Life Science and Medical News from Around the Globe
Open-Access Genetic Screening for Hereditary Breast Cancer Is Feasible and Effective
Ashkenazi Jewish women are known to have a predisposition to the inherited breast cancers BRCA1 and BRCA2, but currently genetic testing in this group is limited to women affected by breast and ovarian cancers and those who are unaffected, but have a family history of the disease. Ms.

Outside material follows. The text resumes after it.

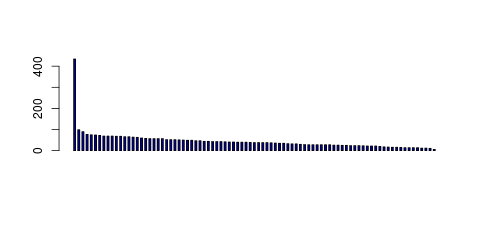 Tag Count based mRNA-Abundances across 87 different Tissues (TPM)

Sari Lieberman, a genetic counsellor at the Shaare Zedek Medical Centre, Jerusalem, Israel, told the annual conference of the European Society of Human Genetics (ESHG) on Sunday, May 28, in Copenhagen, Denmark, that offering open-access BRCA testing to Ashkenazi women unaffected by cancer, regardless of their family history, enables the identification of carriers who would otherwise have been missed. Carrying one of the mutations for the BRCA genes means that women affected have a 50-80% risk of developing breast cancer and a 20-50% risk for ovarian cancer. "We knew that half of these carriers have no family history of cancer, and therefore would not have been identified had the test been offered on the current personal and family history criteria," she says. "As a genetic counsellor, it is frustrating and saddening to see the results of this policy, where patients are often only identified as BRCA carriers once they have been diagnosed with cancer."